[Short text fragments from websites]
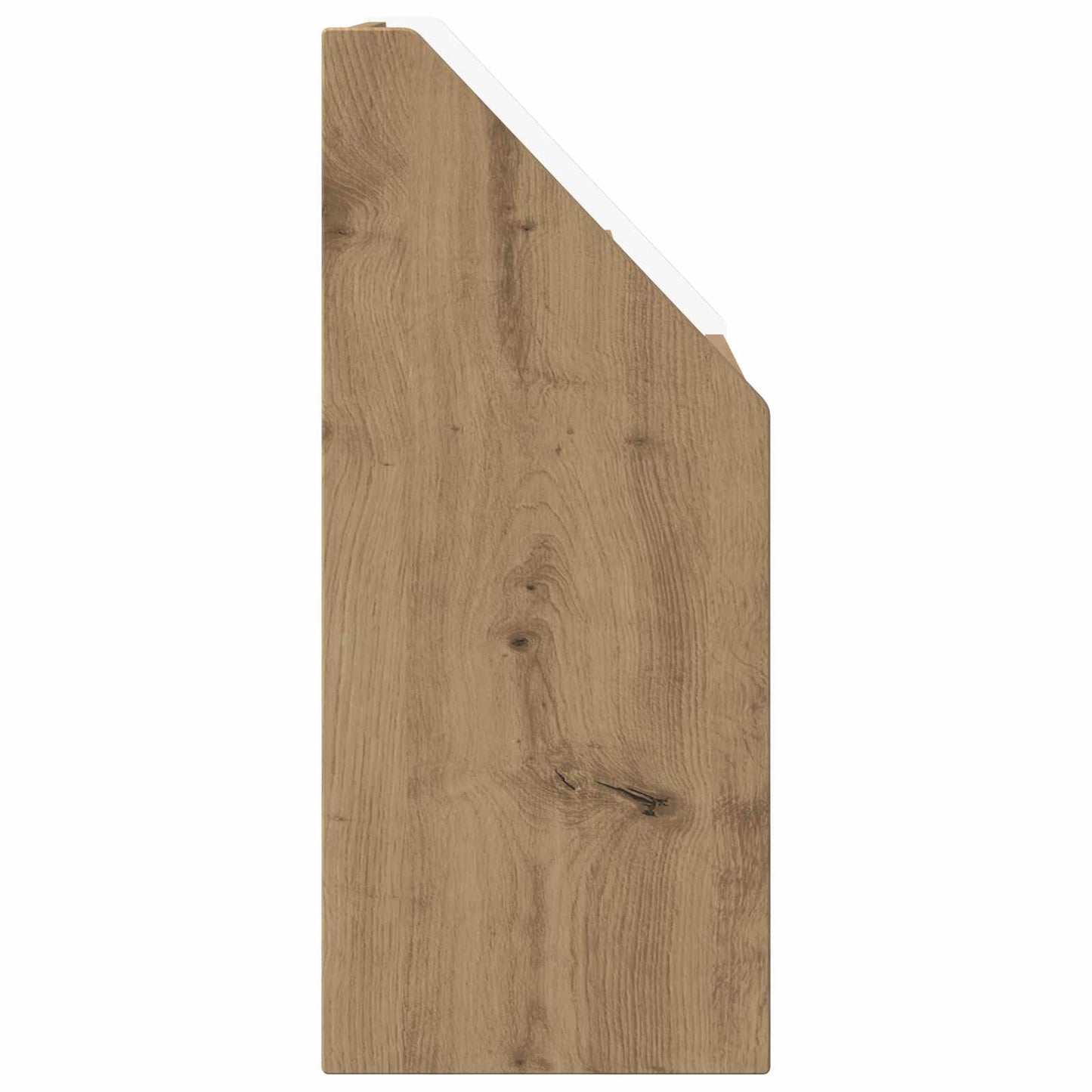 Libreria per Bambini Rovere artigianale 60 x 29,5 x 69 cm | homemem39
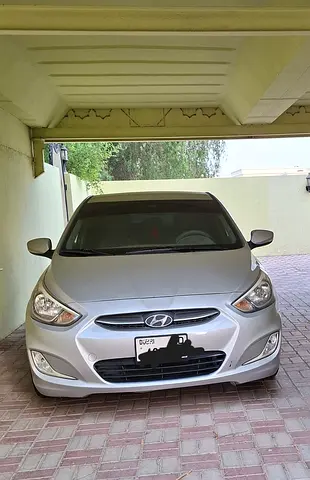 Hyundai Accent GLS 2016 GCC Specs
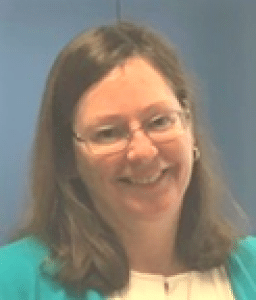 Karen Cusack-Bouvier headshot.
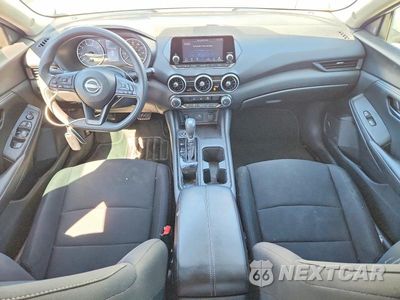 Zdjęcie 8 z 12 samochodu: 2024 NISSAN SENTRA S VIN:3N1AB8BV3RY265183 - miniatura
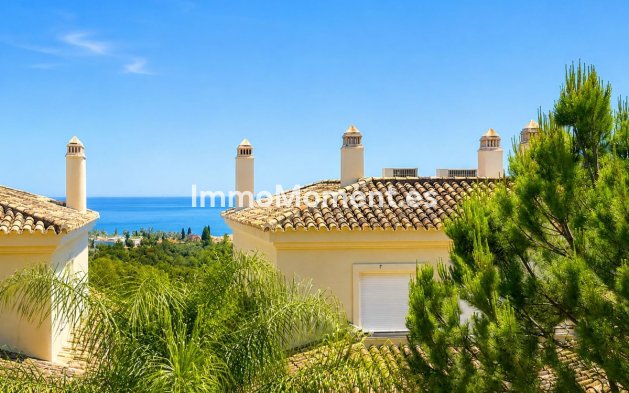 Bestaande woning - Appartement - Marbella - Sierra Blanca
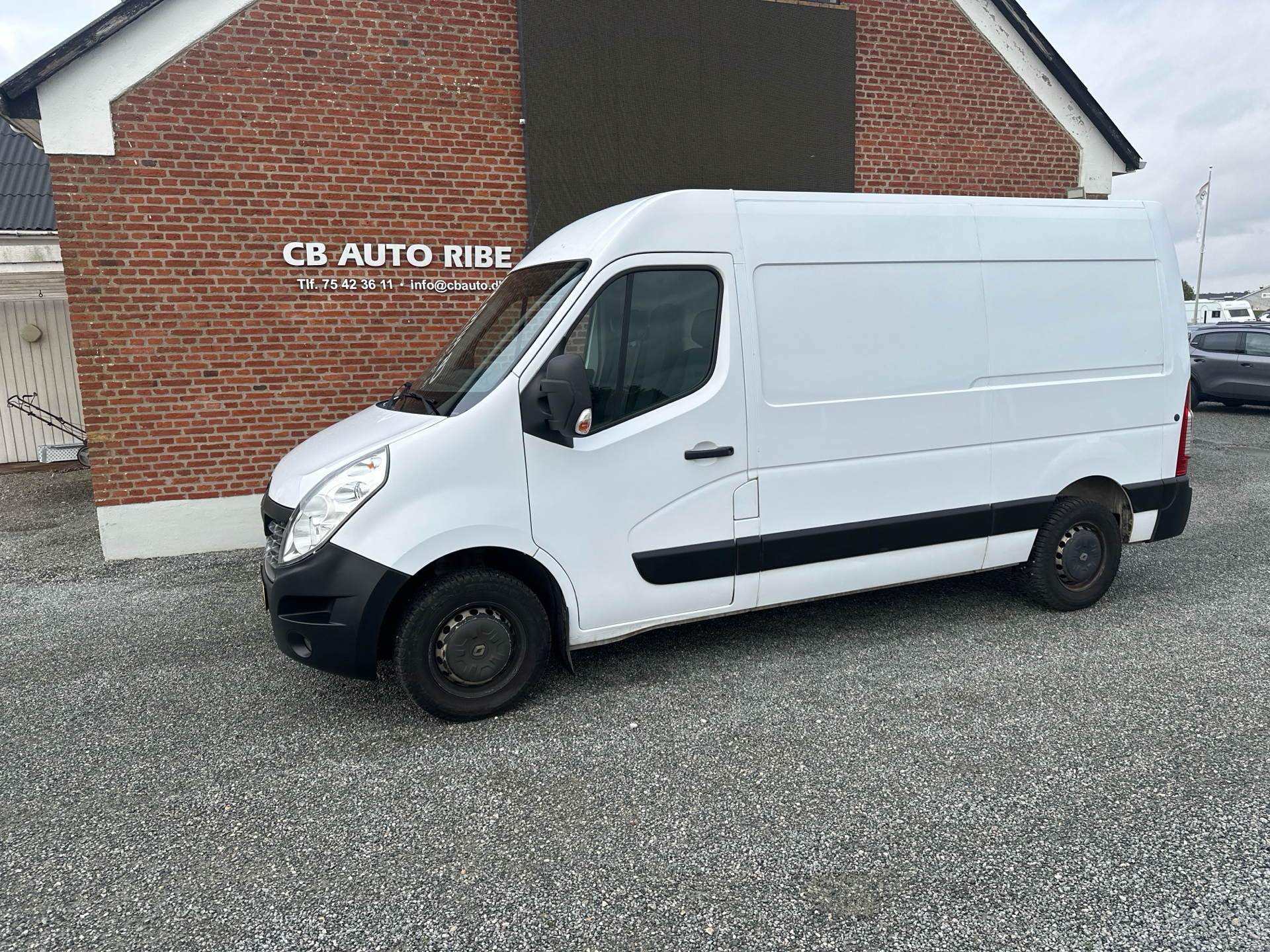 Renault Master 2,3 T33 L2H2 DCI start/stop 170HK Van 6g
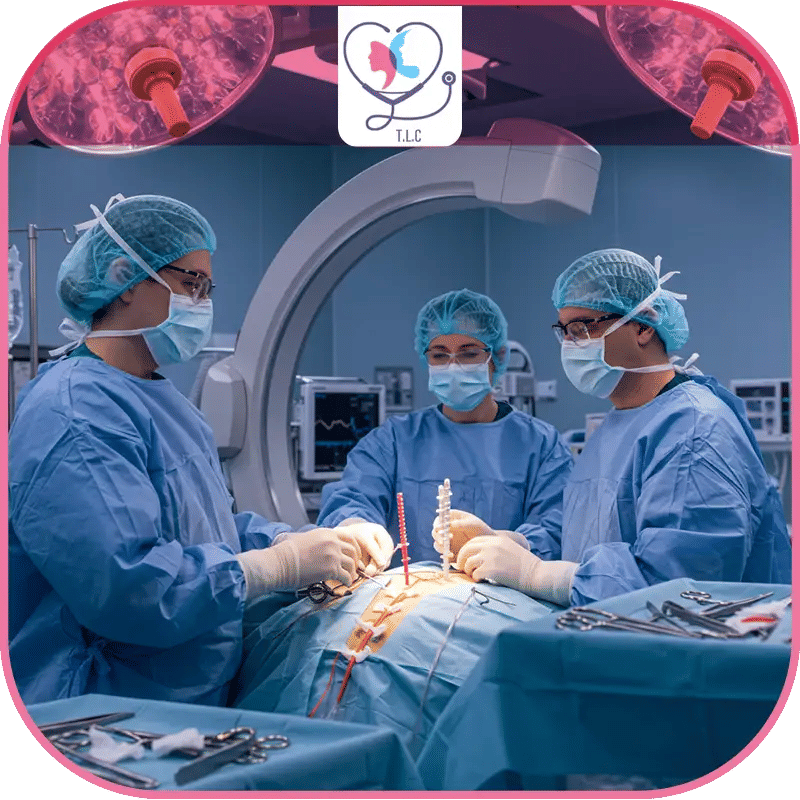 تجربتي مع جراحة العمود الفقري في تركيا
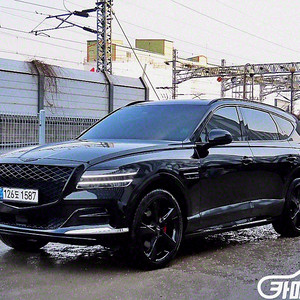 GV80 디젤 3.0 AWD 2021 년 중고차/전액할부/중고리스/중고렌트/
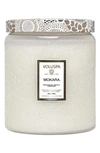 Voluspa Mokara Luxe Jar Candle In Pink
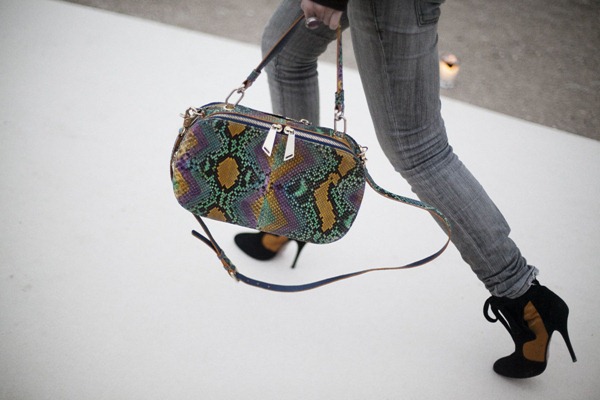 Paris Fashion Week Fall 2013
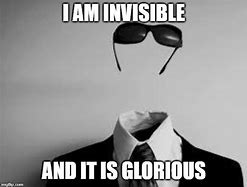 Image result for Invisible Même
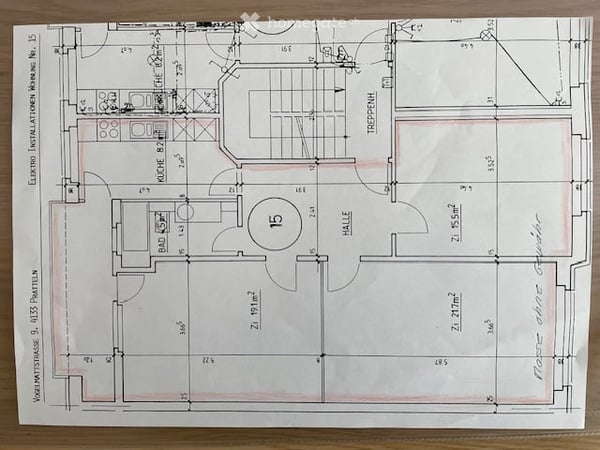Helle 3-Zimmer-Wohnung mit Balkon inkl. grossem Bastelraum in Pratteln – ab Oktober 2026 verfügbar 9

(EXERCISE BRIEF):
Retype the data above exactly. Do not carry over any images.

(RESPONSE AREA):
 Libreria per Bambini Rovere artigianale 60 x 29,5 x 69 cm | homemem39
 Hyundai Accent GLS 2016 GCC Specs
 Karen Cusack-Bouvier headshot.
 Zdjęcie 8 z 12 samochodu: 2024 NISSAN SENTRA S VIN:3N1AB8BV3RY265183 - miniatura
 Bestaande woning - Appartement - Marbella - Sierra Blanca
 Renault Master 2,3 T33 L2H2 DCI start/stop 170HK Van 6g
 تجربتي مع جراحة العمود الفقري في تركيا
 GV80 디젤 3.0 AWD 2021 년 중고차/전액할부/중고리스/중고렌트/
 Voluspa Mokara Luxe Jar Candle In Pink
 Paris Fashion Week Fall 2013
 Image result for Invisible Même
Helle 3-Zimmer-Wohnung mit Balkon inkl. grossem Bastelraum in Pratteln – ab Oktober 2026 verfügbar 9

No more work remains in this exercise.